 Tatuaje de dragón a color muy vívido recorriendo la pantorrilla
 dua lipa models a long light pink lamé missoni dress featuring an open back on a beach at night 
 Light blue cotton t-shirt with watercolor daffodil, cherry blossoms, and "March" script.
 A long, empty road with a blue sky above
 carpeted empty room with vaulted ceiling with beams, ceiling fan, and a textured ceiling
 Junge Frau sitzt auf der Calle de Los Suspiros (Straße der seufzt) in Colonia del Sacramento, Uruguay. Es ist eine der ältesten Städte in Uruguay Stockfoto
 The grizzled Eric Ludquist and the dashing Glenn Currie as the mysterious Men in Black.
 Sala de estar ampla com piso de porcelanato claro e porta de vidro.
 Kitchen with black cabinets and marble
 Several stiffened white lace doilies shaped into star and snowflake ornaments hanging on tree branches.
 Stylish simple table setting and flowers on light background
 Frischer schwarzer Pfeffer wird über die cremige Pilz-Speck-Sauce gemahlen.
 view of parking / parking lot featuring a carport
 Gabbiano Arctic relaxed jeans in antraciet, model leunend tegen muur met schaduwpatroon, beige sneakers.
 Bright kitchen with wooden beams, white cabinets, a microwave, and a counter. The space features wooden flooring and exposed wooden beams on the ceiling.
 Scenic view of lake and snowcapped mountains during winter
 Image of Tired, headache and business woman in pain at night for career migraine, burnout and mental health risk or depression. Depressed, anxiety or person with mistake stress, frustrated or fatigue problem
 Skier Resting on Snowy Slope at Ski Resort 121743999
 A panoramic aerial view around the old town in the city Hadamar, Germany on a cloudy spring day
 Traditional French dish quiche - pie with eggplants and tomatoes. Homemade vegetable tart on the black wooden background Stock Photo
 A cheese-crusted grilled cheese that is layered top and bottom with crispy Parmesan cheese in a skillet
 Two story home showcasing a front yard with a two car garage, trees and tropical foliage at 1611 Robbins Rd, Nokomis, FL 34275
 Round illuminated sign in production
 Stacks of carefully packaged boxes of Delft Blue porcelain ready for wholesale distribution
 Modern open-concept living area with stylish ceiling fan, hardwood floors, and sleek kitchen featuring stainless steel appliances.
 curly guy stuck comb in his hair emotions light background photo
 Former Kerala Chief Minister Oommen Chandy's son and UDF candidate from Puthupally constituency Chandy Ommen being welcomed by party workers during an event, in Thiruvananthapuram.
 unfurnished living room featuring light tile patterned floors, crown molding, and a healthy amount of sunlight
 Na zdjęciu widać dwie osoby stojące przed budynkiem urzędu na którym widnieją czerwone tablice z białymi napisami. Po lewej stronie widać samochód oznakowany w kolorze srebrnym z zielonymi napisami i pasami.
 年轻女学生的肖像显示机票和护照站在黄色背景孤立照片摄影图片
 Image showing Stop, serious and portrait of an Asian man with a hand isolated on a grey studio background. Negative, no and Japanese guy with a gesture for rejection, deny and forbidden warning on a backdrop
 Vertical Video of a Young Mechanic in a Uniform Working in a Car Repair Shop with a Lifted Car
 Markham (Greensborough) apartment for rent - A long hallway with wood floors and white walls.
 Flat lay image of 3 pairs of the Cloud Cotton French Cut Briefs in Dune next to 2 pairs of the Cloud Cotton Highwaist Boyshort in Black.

########################################

When you reach the line in the material above that holds "Junge Frau sitzt", begin reproducing lines exactly, and stop after the line that holds "Stylish simple table".

### Problem solution
 Junge Frau sitzt auf der Calle de Los Suspiros (Straße der seufzt) in Colonia del Sacramento, Uruguay. Es ist eine der ältesten Städte in Uruguay Stockfoto
 The grizzled Eric Ludquist and the dashing Glenn Currie as the mysterious Men in Black.
 Sala de estar ampla com piso de porcelanato claro e porta de vidro.
 Kitchen with black cabinets and marble
 Several stiffened white lace doilies shaped into star and snowflake ornaments hanging on tree branches.
 Stylish simple table setting and flowers on light background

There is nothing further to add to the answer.